Di salute cagionevole, apparentemente anaffettivo, il docente ha una sensibilità talmente accentuata da renderlo inadeguato a costruire rapporti empatici con alunni e colleghi per i quali non è altro che “l’Himmler della quinta classica”. Incapace di attrarre i suoi allievi, di ispirarli, di suscitare qualsivoglia forma di trasporto, con gli anni si è arreso all’immagine noiosa e autoritaria che essi avevano di lui. Relegatosi alla prigionia di legami aridi, patisce la venefica relazione con sua moglie Millie (Jean Kent). La donna, infatti, manifesta per lui odio profondo, lo umilia e lo tradisce apertamente col suo collega, il professore Frank Hunter, interpretato da Nigel Patrick.
In perfetto accordo con una vita piatta, non c’è colonna sonora e l’unico baleno d’azione del film è una sciocca partita di cricket. L’intensità dei silenzi e la profondità dei monologhi di Redgrave sono emozionanti.

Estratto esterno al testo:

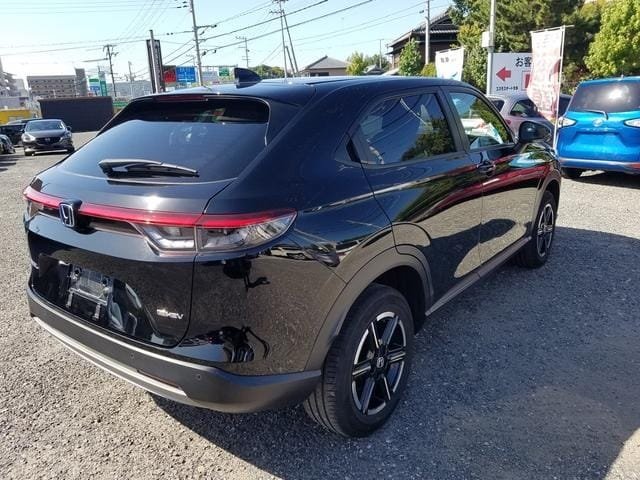 HONDA VEZEL RV5 2022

Le cose iniziano a cambiare quando Crocker-Harris si imbatte in una sua traduzione dell’Agamennone di Eschilo. L’opera, mai portata a termine, è un reperto di quando aveva iniziato ad insegnare con passione e idealismo ora dissipati, è il ricordo giovanile di quando vagheggiava una vita di slanci emozionali leggendo i poeti classici, un passato lontano, ma anche un presente tragico.

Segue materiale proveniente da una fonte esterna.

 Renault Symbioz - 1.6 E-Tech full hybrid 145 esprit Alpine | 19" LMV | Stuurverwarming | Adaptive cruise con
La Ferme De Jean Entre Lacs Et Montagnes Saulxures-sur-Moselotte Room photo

Millie è, invero, una moderna Clitemestra che vorrebbe uccidere il marito, nell’anima, nella psiche, nell’autostima. La traduzione della tragedia è, però, incompiuta e c’è quindi spazio per la salvezza di Crocker-Harris, per un processo di liberazione catartico. Stavolta, infatti, Egisto spinge Agamennone a reagire, così il docente trova la forza per lasciare la moglie adultera. Inoltre, Oreste, ovvero lo studente Taplow (Brian Smith), infonde in lui l’idea che è possibile guardarsi dentro, riconoscere i fallimenti, chiedere scusa per non essere stato l’insegnante che avrebbe dovuto essere e riconquistare la propria dignità con un atto di cui nessuno sarebbe capace.